Je wordt in de Butterman-uitgave overigens op twee manieren verder op weg geholpen. Door luttele ingrepen van syntactische aard zorgt ze ervoor dat de ontbrekende interpunctie in het Engels minder gevoeld wordt dan in het Nederlands. Bovendien volgt aan het eind van het boek nadere informatie over dit gedicht waaruit de lezer in ieder geval kan opmaken dat ‘mei’ in het geval van Gorter geen toeval is of een terloops gebezigd woord. Je merkt aan de vertaling dat het gedicht heel precies is gelezen – en vast ook voorgelezen – en aan de annotatie voorts dat er nog veel meer extra gelezen is dan alleen de poëzie. Dat is een enorm karwei, waaraan ook een aantal meelezers debet is, en iedereen moet een hele bibliotheek lucebertiana bij de hand gehad hebben. Alle verdere toespelingen op Gorter in het desbetreffende gedicht kunnen zo getraceerd en genoemd worden (zoals daar zijn: Menschheit, ‘De arbeiders dringen zich aan de trog der kennis’, ‘De dag gaat open als een gouden roos’ en De School der Poëzie). Zo krijgt de aandachtige lezer een eerste context geboden en is de weg vrijer voor hem om invulling te geven aan zijn leeservaring. Die krijgt nu alle kansen om dat te doen met de hele Lucebert: vier imposante delen in het Engels waarin het vooral opvalt hoe verhelderend deze vertalingen kunnen werken – een topprestatie van Diane Butterman.
Noten
1 De vertaling is mij ook lief vanwege een verwijzing naar de ‘niemandsroos’ van Paul Celan door Lucebert. Diane Butterman kiest daarvoor John Felstiners vertaling ‘no-one’s-rose’.

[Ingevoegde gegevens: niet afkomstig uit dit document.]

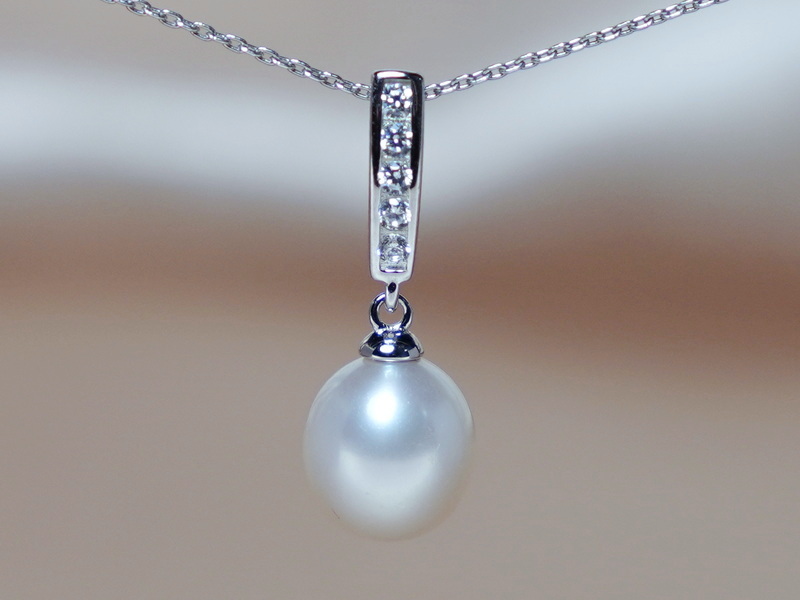 Strieborný prívesok s pravou perlou a zirkónmi PP777B Strieborný prívesok s pravou perlou a zirkónmi PP777B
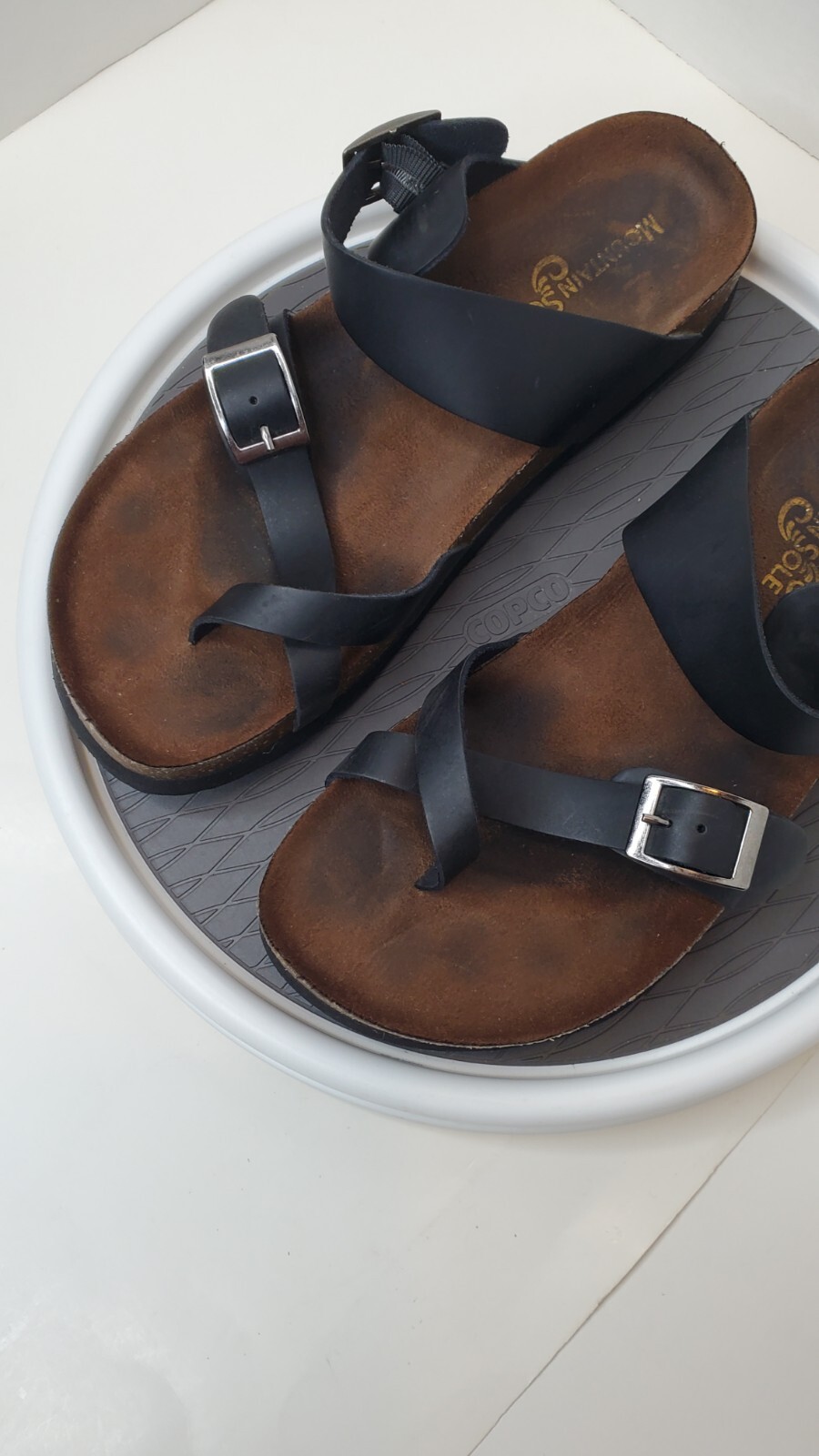 Mountain Sole Easy Slip-On Size 8 Womens Black Leather Sandal *MODERATE WEAR*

2 De kunstverzamelaar Piet Boendermaker (1877-1947) en de voormalige directeur van het Stedelijk Museum C.W.H. Baard. De gebouwen zijn de galerie van Boendermaker, in 1928 geopend door Baard, en het huis van de Luceberts, dat Boendermakerhof heette. In zekere zin wordt het gedicht in het Engels ontlast van toespelingen, die je inside kunt noemen, en krijgt het zo een algemenere betekenis.
3 Het is dus zinvol meteen de Nederlandse versie bij de hand te hebben, althans het begin van dit lange gedicht: ‘op de foto een kale westfriese kop / een in de moerasdelta waarvan men toen / fluisterde: dat was eens het kraagje van de tsaar / omdat in opdracht van lenin en ten behoeve / van de partij onze dichter hier zou scharrelen / in kroonjuwelen maar zoals hij staart over / ons en alles uit zo hunkerend kijkt nooit / een sjacheraar uit naar de toekomst der eeuwigheid’.